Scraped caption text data
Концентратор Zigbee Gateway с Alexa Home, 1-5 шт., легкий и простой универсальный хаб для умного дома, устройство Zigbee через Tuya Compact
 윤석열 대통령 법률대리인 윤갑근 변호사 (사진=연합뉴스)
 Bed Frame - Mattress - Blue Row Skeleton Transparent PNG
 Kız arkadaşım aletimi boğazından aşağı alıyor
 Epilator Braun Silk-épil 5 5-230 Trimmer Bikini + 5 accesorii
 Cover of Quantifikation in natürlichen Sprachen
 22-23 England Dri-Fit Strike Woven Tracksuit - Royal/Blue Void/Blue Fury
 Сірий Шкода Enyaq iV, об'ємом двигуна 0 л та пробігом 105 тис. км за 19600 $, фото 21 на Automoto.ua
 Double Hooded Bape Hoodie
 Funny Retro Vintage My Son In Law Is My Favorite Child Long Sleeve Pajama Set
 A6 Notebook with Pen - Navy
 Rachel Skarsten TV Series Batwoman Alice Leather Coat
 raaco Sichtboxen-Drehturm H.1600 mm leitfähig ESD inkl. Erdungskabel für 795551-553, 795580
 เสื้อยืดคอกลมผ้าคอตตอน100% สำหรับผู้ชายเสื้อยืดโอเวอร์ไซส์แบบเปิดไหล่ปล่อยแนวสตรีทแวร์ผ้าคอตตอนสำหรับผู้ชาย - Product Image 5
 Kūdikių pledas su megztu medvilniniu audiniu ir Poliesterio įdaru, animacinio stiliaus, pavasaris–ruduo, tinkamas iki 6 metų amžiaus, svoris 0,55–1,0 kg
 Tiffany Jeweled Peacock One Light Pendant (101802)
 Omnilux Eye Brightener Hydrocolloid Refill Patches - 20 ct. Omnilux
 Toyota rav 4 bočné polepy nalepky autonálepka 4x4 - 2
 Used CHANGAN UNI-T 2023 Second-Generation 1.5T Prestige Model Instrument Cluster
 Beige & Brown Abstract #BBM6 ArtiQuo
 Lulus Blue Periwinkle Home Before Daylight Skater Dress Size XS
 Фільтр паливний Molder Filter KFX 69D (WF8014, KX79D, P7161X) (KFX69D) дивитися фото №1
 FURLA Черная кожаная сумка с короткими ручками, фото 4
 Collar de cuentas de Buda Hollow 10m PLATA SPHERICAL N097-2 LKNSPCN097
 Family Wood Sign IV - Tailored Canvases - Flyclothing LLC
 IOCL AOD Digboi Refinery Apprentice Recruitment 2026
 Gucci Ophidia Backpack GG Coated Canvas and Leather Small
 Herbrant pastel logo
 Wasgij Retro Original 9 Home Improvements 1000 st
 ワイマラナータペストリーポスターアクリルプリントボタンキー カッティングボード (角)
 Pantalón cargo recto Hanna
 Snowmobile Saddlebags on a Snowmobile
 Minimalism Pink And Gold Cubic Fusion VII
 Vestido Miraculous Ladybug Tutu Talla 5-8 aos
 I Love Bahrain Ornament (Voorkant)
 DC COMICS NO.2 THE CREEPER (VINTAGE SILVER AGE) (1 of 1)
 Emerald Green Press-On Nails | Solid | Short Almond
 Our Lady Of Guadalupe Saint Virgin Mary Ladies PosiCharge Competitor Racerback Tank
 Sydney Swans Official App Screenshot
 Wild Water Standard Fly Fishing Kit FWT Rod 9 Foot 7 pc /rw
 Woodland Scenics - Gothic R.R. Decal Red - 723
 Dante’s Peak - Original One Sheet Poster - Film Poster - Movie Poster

§ **Task item**
All lines above from the line with "22-23 England Dri-Fit" through the line with "Funny Retro Vintage", both included, are to be set down exactly, with nothing else.

§ **Response to the exercise**
 22-23 England Dri-Fit Strike Woven Tracksuit - Royal/Blue Void/Blue Fury
 Сірий Шкода Enyaq iV, об'ємом двигуна 0 л та пробігом 105 тис. км за 19600 $, фото 21 на Automoto.ua
 Double Hooded Bape Hoodie
 Funny Retro Vintage My Son In Law Is My Favorite Child Long Sleeve Pajama Set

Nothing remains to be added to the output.